**DATA:**

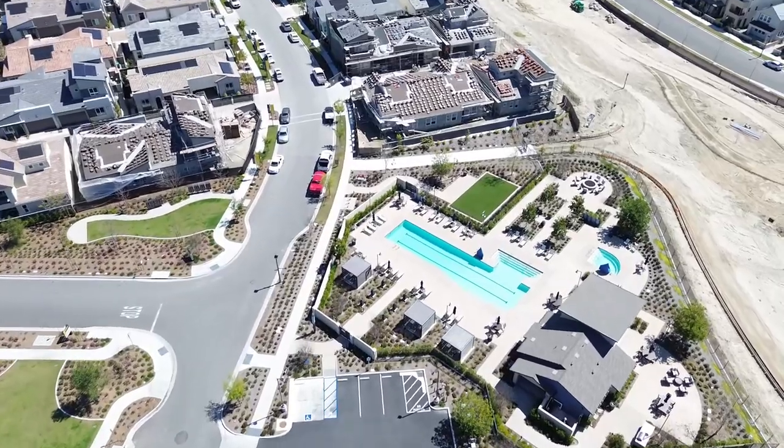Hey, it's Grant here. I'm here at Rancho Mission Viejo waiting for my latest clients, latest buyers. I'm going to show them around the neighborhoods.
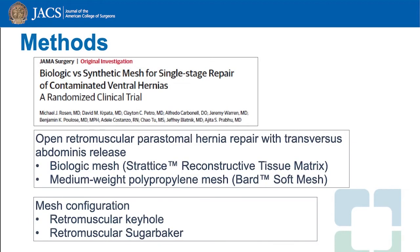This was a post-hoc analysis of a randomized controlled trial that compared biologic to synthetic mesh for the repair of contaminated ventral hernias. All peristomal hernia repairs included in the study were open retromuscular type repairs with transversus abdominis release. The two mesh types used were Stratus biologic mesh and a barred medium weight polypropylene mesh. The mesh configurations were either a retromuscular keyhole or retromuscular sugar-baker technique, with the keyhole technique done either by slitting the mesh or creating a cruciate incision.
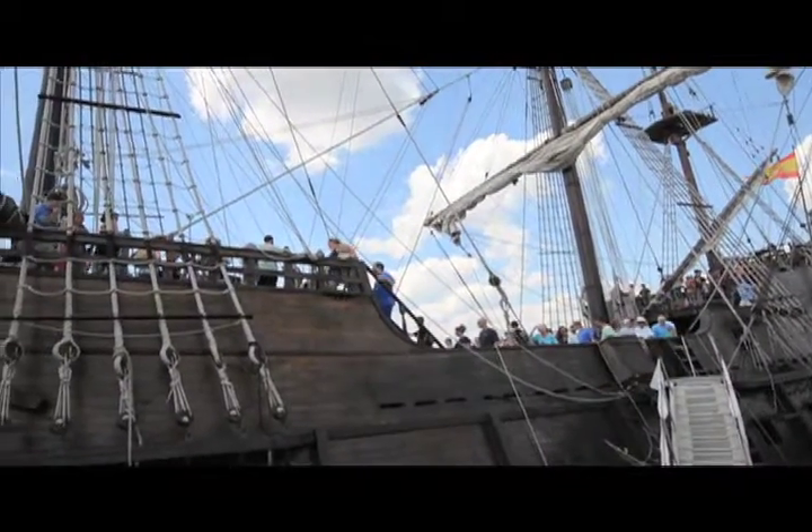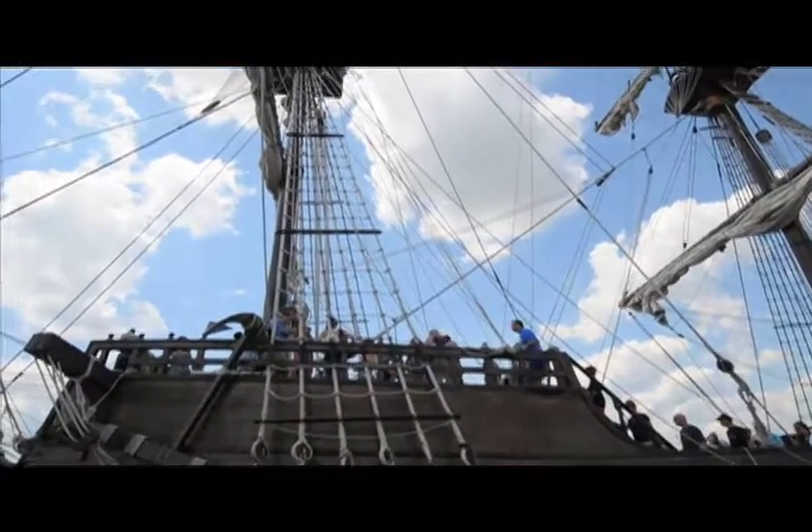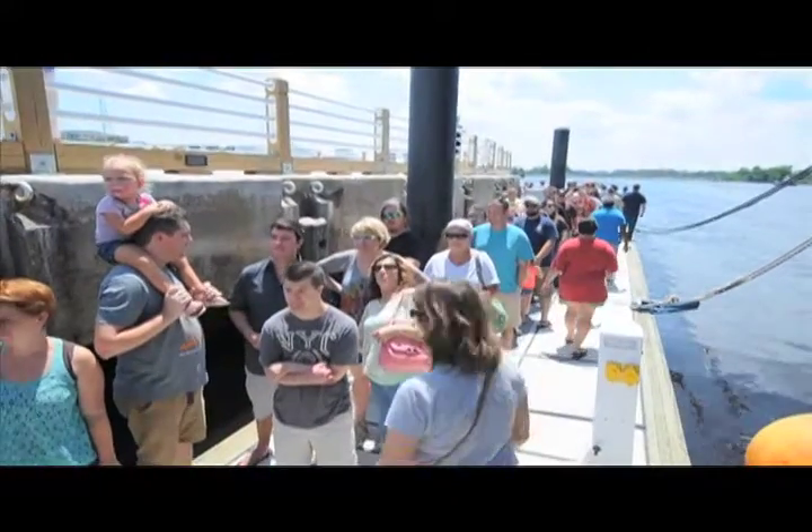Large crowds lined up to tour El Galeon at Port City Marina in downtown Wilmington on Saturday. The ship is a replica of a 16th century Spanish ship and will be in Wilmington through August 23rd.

**ACTION ITEM:** Return an exact transcription of the material, with its pictures left out.

**RESULT OF THE EXERCISE:**
Hey, it's Grant here. I'm here at Rancho Mission Viejo waiting for my latest clients, latest buyers. I'm going to show them around the neighborhoods.
This was a post-hoc analysis of a randomized controlled trial that compared biologic to synthetic mesh for the repair of contaminated ventral hernias. All peristomal hernia repairs included in the study were open retromuscular type repairs with transversus abdominis release. The two mesh types used were Stratus biologic mesh and a barred medium weight polypropylene mesh. The mesh configurations were either a retromuscular keyhole or retromuscular sugar-baker technique, with the keyhole technique done either by slitting the mesh or creating a cruciate incision.
Large crowds lined up to tour El Galeon at Port City Marina in downtown Wilmington on Saturday. The ship is a replica of a 16th century Spanish ship and will be in Wilmington through August 23rd.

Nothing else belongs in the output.